Detection of molar pregnancies

From the start, these pregnancies are not normal, and most women will experience warning signs early on. The majority of women with a molar pregnancy will have bleeding in the first trimester. Bleeding during pregnancy is always concerning. One of the first steps your doctor will probably take is to perform an ultrasound to try to identify the cause. This is one way that a molar pregnancy can be detected. Alternatively, if hCG levels in the blood are being monitored, your doctor or midwife may notice that they are reaching abnormally high levels. In fact, the levels of hCG can be so high that they result in severe morning sickness (hyperemesis gravidarum). Other warning signs include a uterus that measures larger than it should for the gestational age, and abnormal cysts on the ovaries

Treating a molar pregnancy

Treatment is usually removal of the mole using dilation and curettage (D&C). If you know you do not want to have any more children, a hysterectomy is an alternative option. Leaving the abnormal tissue in a woman’s uterus is not recommended as the bleeding can worsen and cause substantial health risks. In order to ensure that all the tissue has been removed, a doctor will regularly measure hCG levels in the blood to make sure they are falling. They should become undetectable, however this can take weeks, or even months from initial diagnosis and treatment of the molar pregnancy.
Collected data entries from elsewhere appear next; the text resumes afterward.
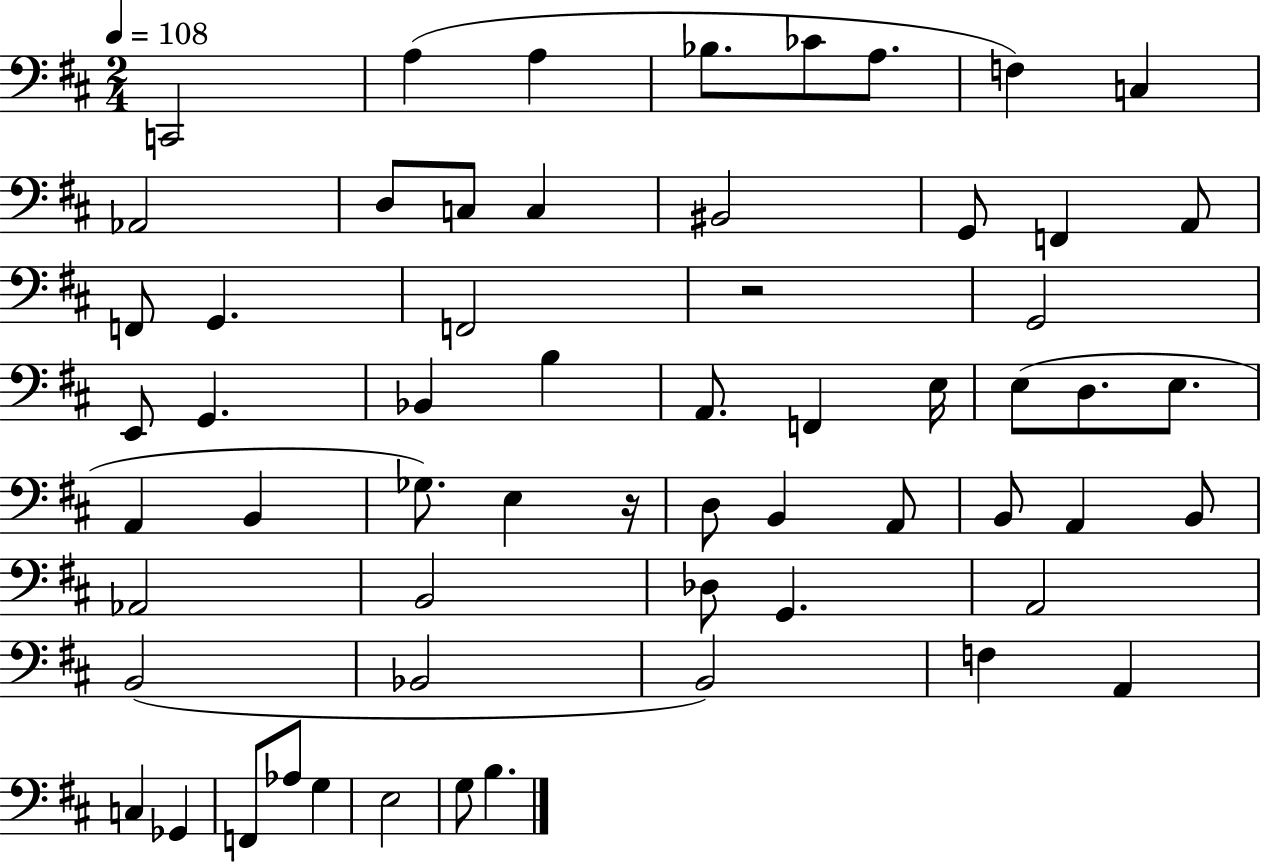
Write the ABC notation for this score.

X:1
T:Untitled
M:2/4
L:1/4
K:D
C,,2 A, A, _B,/2 _C/2 A,/2 F, C, _A,,2 D,/2 C,/2 C, ^B,,2 G,,/2 F,, A,,/2 F,,/2 G,, F,,2 z2 G,,2 E,,/2 G,, _B,, B, A,,/2 F,, E,/4 E,/2 D,/2 E,/2 A,, B,, _G,/2 E, z/4 D,/2 B,, A,,/2 B,,/2 A,, B,,/2 _A,,2 B,,2 _D,/2 G,, A,,2 B,,2 _B,,2 B,,2 F, A,, C, _G,, F,,/2 _A,/2 G, E,2 G,/2 B,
It is very important to not get pregnant whilst hCG levels are still elevated. You should speak to your gynaecologist about how best to avoid this from happening.

Why is it so important that the hCG levels go back to normal before you attempt to conceive again? If the molar pregnancy is not fully removed, the tissue that remains can persist and form a disease called persistent trophoblastic disease (PTD). This is less common in partial moles (1 in 200; 0.5%) than in complete moles (1 in 7; 15%). PTD can be very serious because it can grow like a cancer and spread to other organs in the body. Treatment involves chemotherapy to kill the abnormal cells. Success rates are high and, with the correct treatment, almost all women make a full recovery.
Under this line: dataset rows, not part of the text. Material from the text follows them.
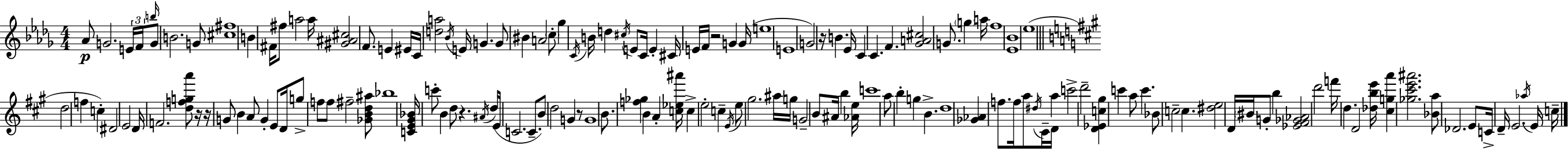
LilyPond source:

{
  \clef treble
  \numericTimeSignature
  \time 4/4
  \key bes \minor
  aes'8\p g'2. \tuplet 3/2 { e'16 f'16 | \grace { b''16 } } g'8 b'2. g'8 | <cis'' fis''>1 | b'4 fis'16 fis''8 a''2 | \break a''16 <gis' ais' cis''>2 f'8. e'4 | eis'16 c'16 <d'' a''>2 \acciaccatura { bes'16 } e'16 g'4. | g'8 bis'4 a'2 | \parenthesize c''8-. ges''4 \acciaccatura { c'16 } b'16 d''4 \acciaccatura { cis''16 } e'8 c'16 | \break e'4-. cis'16 e'16 f'16 r2 g'4 | g'16( e''1 | e'1 | g'2) r16 b'4. | \break ees'16 c'4 c'4. f'4. | <ges' a' cis''>2 g'8. \parenthesize g''4 | a''16 f''1 | <ees' bes'>1 | \break ees''1( | \bar "||" \break \key a \major d''2 f''4 c''4-.) | dis'2 e'2 | d'16 f'2. <d'' f'' g'' a'''>8 r16 | r16 g'8 b'4 a'8 g'4-. e'8 d'16 | \break g''8-> f''8 f''8 fis''2-- <ges' b' d'' ais''>8 | bes''1 | <c' e' gis' bes'>16 c'''8-. b'4 d''8 r4. \acciaccatura { ais'16 } | d''16( e'16 c'2. c'8.-- | \break b'8) d''2 g'4 r8 | g'1 | b'8. <f'' ges''>4 b'4 a'4-. | <c'' ees'' ais'''>16 c''4-> e''2-. c''4-- | \break \acciaccatura { e'16 } e''8 gis''2. | ais''16 g''16 g'2-- b'8 ais'16 b''4 | <aes' e''>16 c'''1 | a''8 b''4-. g''4 b'4.-> | \break d''1 | <ges' aes'>4 f''8. f''16 a''8 \acciaccatura { dis''16 } cis'16-- d'16 a''4 | c'''2-> d'''2-- | <d' ees' c'' gis''>4 c'''4 a''8 c'''4. | \break bes'8 c''2-- c''4. | <dis'' e''>2 d'16 \parenthesize bis'16 g'8-. b''4 | <ees' fis' ges' aes'>2 d'''2 | f'''16 d''4. d'2 | \break <des'' b'' e'''>16 <cis'' g'' a'''>4 <ges'' cis''' e''' ais'''>2. | <bes' a''>8 des'2. | e'8 c'16-> d'16-- e'2. | \acciaccatura { aes''16 } e'16 c''16-- \bar "|."
}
How common are molar pregnancies?

Whilst all of this sounds very scary, it is important to remember that molar pregnancies are rare; global incidence rates vary, but are estimated to be in the region of 1 out of every 600 pregnancies. 
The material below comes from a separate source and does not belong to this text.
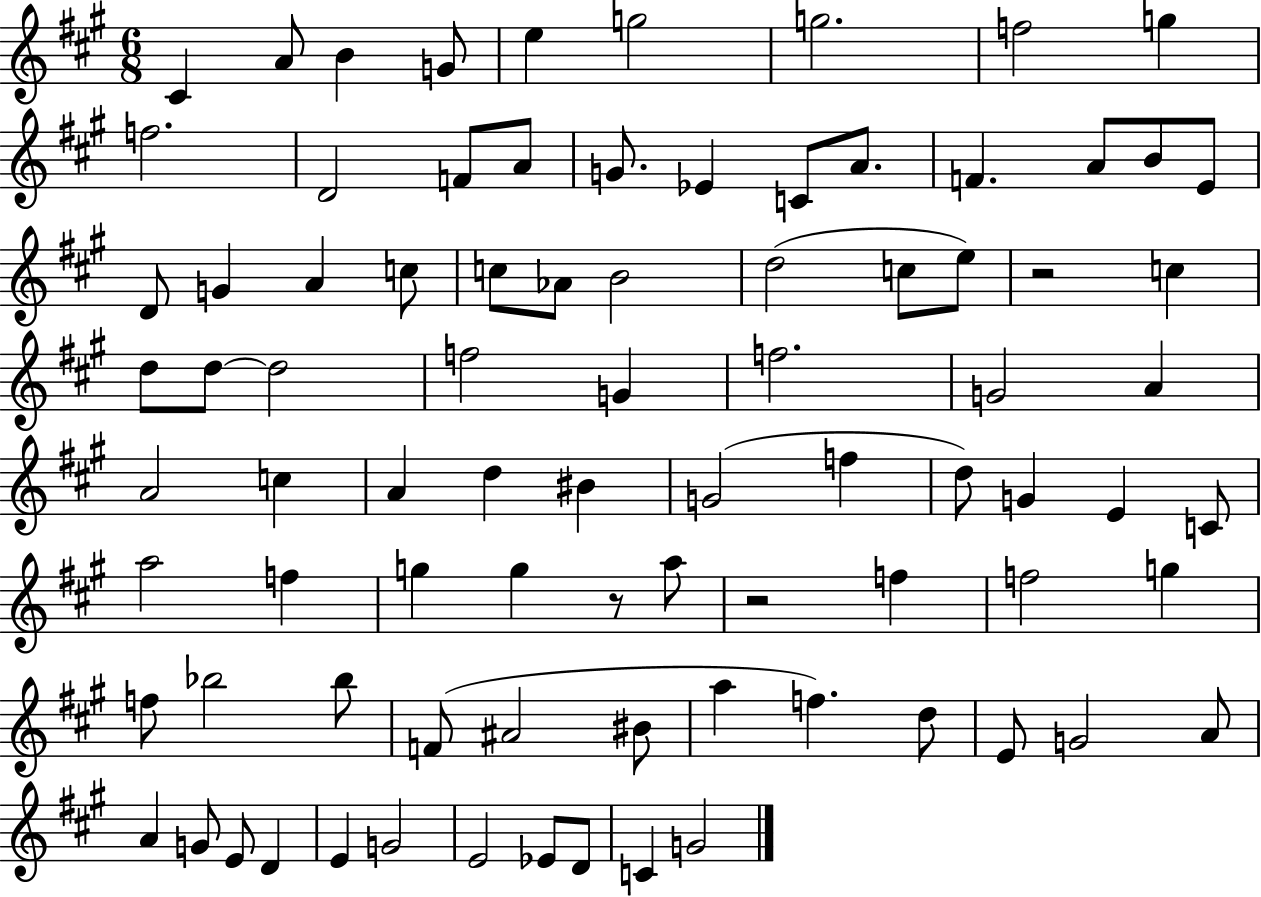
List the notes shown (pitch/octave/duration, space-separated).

Having a previous molar pregnancy does increase the risk of having another, to 1 in 80 and if you have two or more, your risk is 1 in 5. This is why women with a history of molar pregnancies should ensure that they establish prenatal care very early in subsequent pregnancies so that early investigative procedures can be performed.

Sources:

  • “Hydatidiform Mole.” Background, Pathophysiology, Epidemiology, Medscape, 2 Feb. 2019, emedicine.medscape.com/article/254657-overview#a6.
  • “Molar Pregnancy.” NHS Choices, NHS, www.nhs.uk/conditions/molar-pregnancy/
  • Soper, J T, et al. “ACOG Practice Bulletin #53: Diagnosis and Treatment of Gestational Trophoblastic Disease.” Obstetrics & Gynecology, vol. 103, no. 6, 2004, pp. 1365–1377., doi:10.1097/00006250-200406000-00051.